Miyuki is presented as the type of girl who will motorcycle through the window into the auditorium, and not know what’s wrong with it. She “fights easily in straight for wardness.”

Reika wears a Chinese-style outfit, and greets with a Chinese “ni hao”, even though she’s in a Japanese school. She, as well, enters forcefully into the auditorium by riding her bike right through the door.

Youko, a quarter German whose mother is “rumored with the illegitimate illegitimate child of Adolf Hitler descended” is driven to school in a limousine, and tells her chauffeur to drive through the hole in the doorway left by Reika. Youko likes “the period drama which punishes advice evil.”

These girls seem to have in common a low “luck” stat and mostly a low “intellectual power” on their information screens, instead making up for it by a combination of “power”, “speed”, and “physical strength”.

By exploding helicopter, the Russian Nina parachutes and sky dives down to school. Similar as Youko to Hitler, Nina is “the descendant of Russian descended exile noble Romanov dynasty”. “She herself is military mania of the ultimate.”

Rounding off the five is Kimiko, “the successor daughter of the financial combine an old peer descended.” Although intelligent, “it is cold it is cold when it is cut off unusual character.” She apparently abuses taxpayer dollars by being escorted by every police office in Japan (including Okinawa) and probably parts of South Korea, by the looks of the size of the force.

Youko and Kimiko get by with “luck” and “intellectual power” stats very high, and the other stats almost completely low.

Story

After introducing the five, the first order of business appears to be showing an image of the five in bathing suits at the beach, giving a chance to focus on the bust size of each girl.

The stage is set simply: someone is out to get the five main characters, all daughters of the richest family in Japan. From what I gather, someone doesn’t like how they just slack off and spend money while the rest of Japan actually has to work for a living.
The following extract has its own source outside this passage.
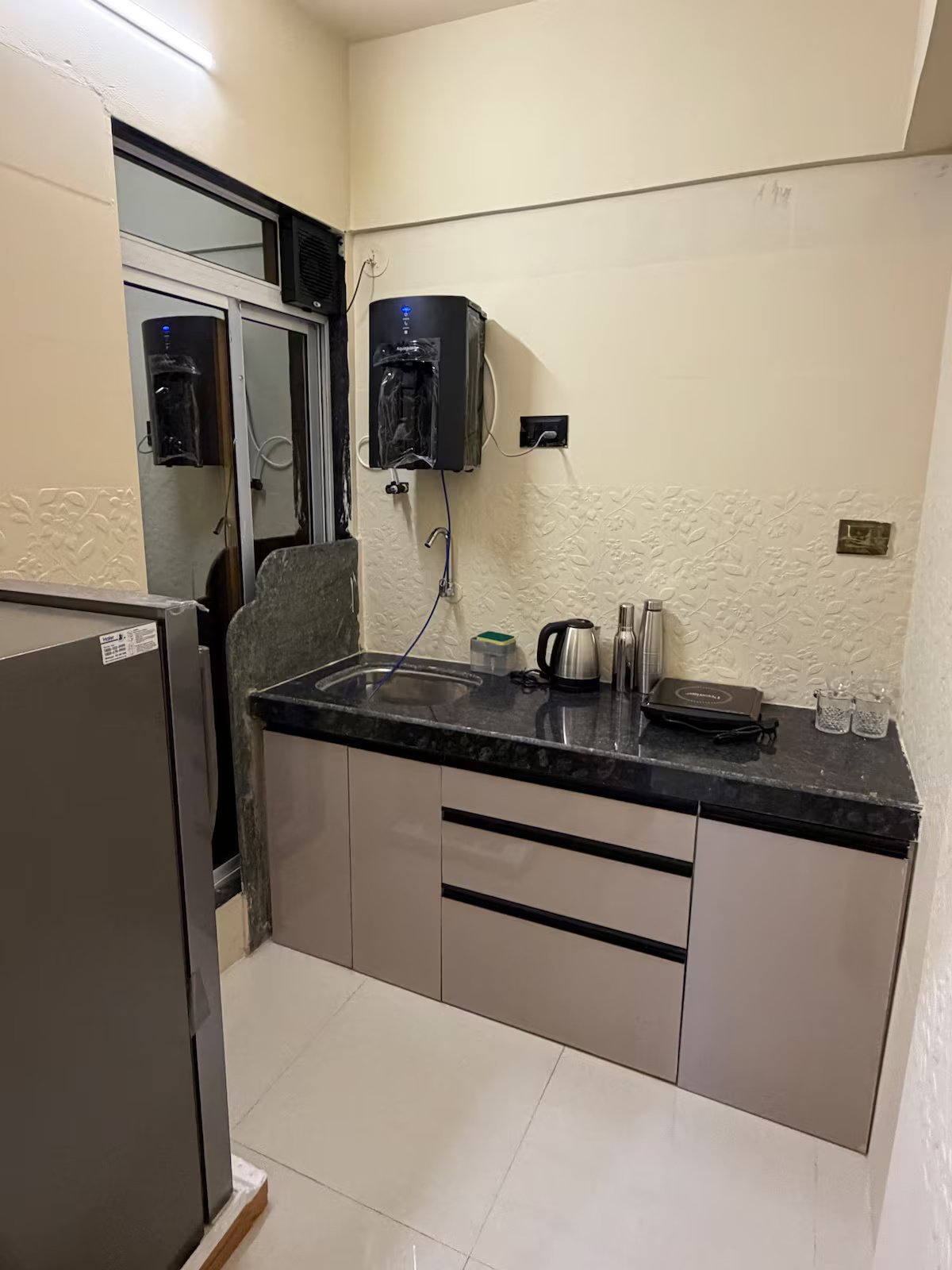 Serenity 601 1Bhk Pvt Apt near Atal Setu & NMIA – 12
A shower scene follows. With no point to it, I imagine the tone for the series is being quickly established.

From there, the core of the story begins to set in, as the girls ditch the detective assigned to watch after them. As they flee the school with plans on hiding out in a ritzy hotel instead, gunshots and explosives drive the five back.
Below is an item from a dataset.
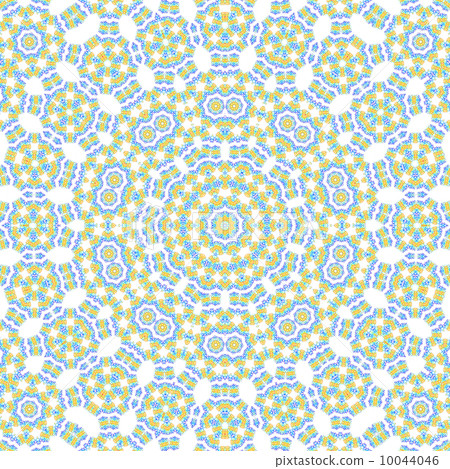 Abstract color pattern - Stock Illustration [10044046] - PIXTA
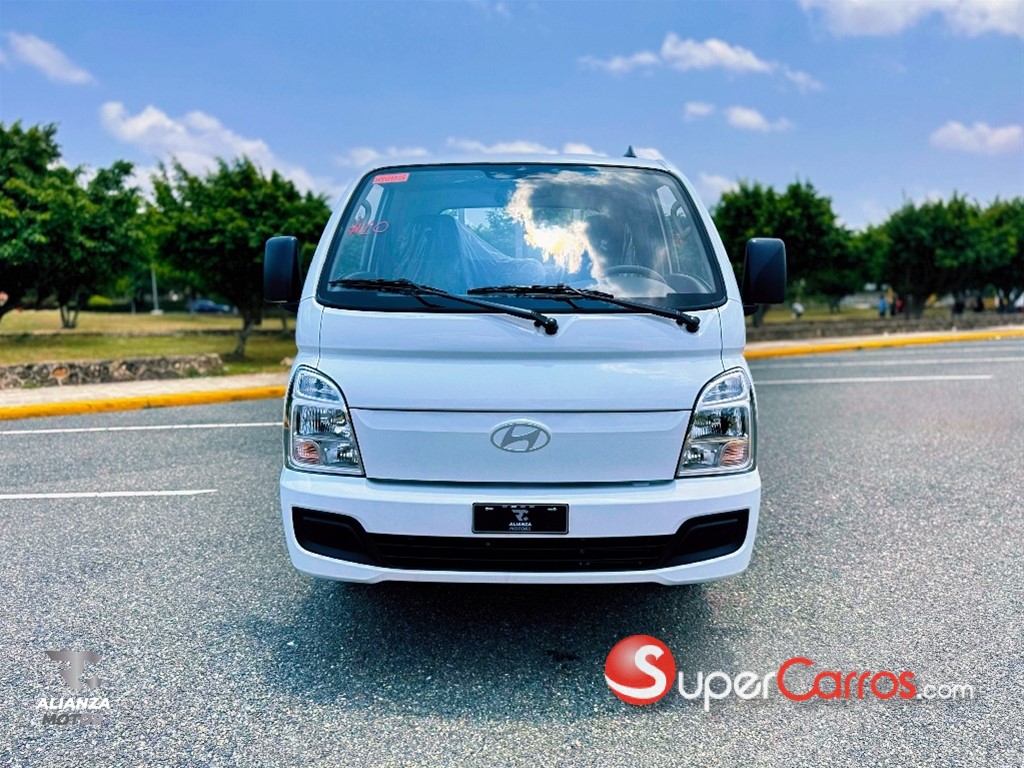 2026 Hyundai H-100 — foto 3 / 12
Follow up with a dual fight scene with both physical strength and psychic powers to combat the villains with, and that’s the episode. The girls will now be the members of their own detective club at school, to ensure their safety from criminals who target their lives.

Thoughts

After the shower scene part, the episode became somewhat watchable for me. The characters have individual personalities which will probably be expanded on during the series, but there wasn’t anything there to attract my attention. Nothing to suggest this would be a series worth watching.  The premise of five rich girls each with a specialty, such as mechanics, fighting, or otherwise, being targeted by a criminal simply doesn’t pique my interest.
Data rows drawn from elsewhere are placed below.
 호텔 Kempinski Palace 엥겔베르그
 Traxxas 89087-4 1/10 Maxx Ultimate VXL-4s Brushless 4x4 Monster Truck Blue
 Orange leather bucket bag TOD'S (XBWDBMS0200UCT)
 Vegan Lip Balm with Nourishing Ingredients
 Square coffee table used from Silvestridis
There are too many jarring things for me to suspend belief in this episode. Whether it being Youko being disguised as the detective one moment, then completely out of the disguise the next, or the door to the room with the bomb instantly being boarded and chained, there were too many of these, and the flowed one after another.

I did notice Sakura Tange’s name appear as a song vocal in the credits.

DVD Previews

The DVD previews include Princess Tutu and Petite Princess Yucie. I’ll never understand why DVD previews include series from drastically different genre than the purchased material. Sure, they want to advertise their recent and new releases, but still…

I’m out of any other thoughts, so I’ll cut this entry off here. There’s no reason for me to buy the series, as there’s no interest in watching it further.